Transport maritime : une décarbonation au cas par cas

Le transport maritime est alimenté au fioul lourd depuis des décennies. Cependant, des règles plus restrictives concernant les émissions de gaz à effet de serre vont progressivement s’appliquer. La filière devra donc économiser du carburant et basculer sur des motorisations alternatives. Mais cette transition complexifie l’ensemble de son écosystème.
Dès le 1er janvier 2023, le transport maritime va devoir se verdir. Responsable de 3 % des émissions anthropiques mondiales de CO2, il est contraint de s’adapter à de nouvelles réglementations plus ambitieuses concernant ses rejets. C’est à cette échéance que deux instruments entérinés par l’Organisation maritime internationale (OMI) entrent en vigueur : l’EEXI (Indice d’efficacité énergétique des navires existants) et le CII (Indicateur d’intensité carbone). Le premier s’applique à toute la flotte existante et a pour ambition de réduire les émissions de CO2. Son idée est de fixer un cadre objectif de performance pour chaque type de navire en établissant un niveau d’émission de CO2 moyen.

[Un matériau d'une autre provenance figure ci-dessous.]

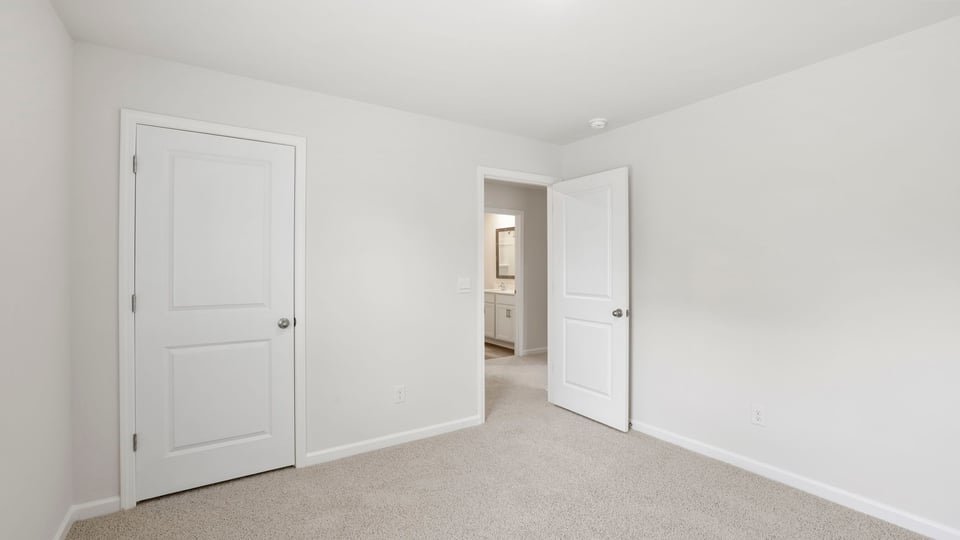 Bedroom with carpet and window.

Pour cela, l’EEXI se base sur la puissance moteur, le type de combustible brûlé et son facteur de conversion en CO2. Ce niveau d’émission est ensuite divisé par la capacité de transport, qui correspond au tonnage du navire. Si un navire émet plus qu’attendu, son propriétaire devra mettre en place des mesures pour le faire passer sous le seuil maximal en baissant ses consommations ou en augmentant ses capacités de transport. Quant au CII, il portera sur la consommation réelle des navires. Il entend classer la flotte mondiale avec une notation qui s’échelonnera de A à E.
La réglementation se durcit, surtout dans l’UE
Afin de parvenir à une réduction globale des émissions de GES des navires, l’OMI souhaite également instaurer plusieurs mécanismes : une mesure fondée sur le marché de type taxe ou marché carbone, une réglementation relative au cycle de vie des carburants et une autre pour inciter à l’utilisation des carburants renouvelables et bas carbone. « La stratégie adoptée par l’OMI en 2018 vise à diviser par deux les émissions de GES du secteur d’ici à 2050 par rapport à 2008 », précise Frédéric Moncany de Saint-Aignan, président du Cluster Maritime Français (CMF) qui regroupe 460 acteurs de l’économie maritime. On se dirige donc vers un système de plus en plus contraignant qui pourrait conduire à l'arrêt d'un certain nombre de navires.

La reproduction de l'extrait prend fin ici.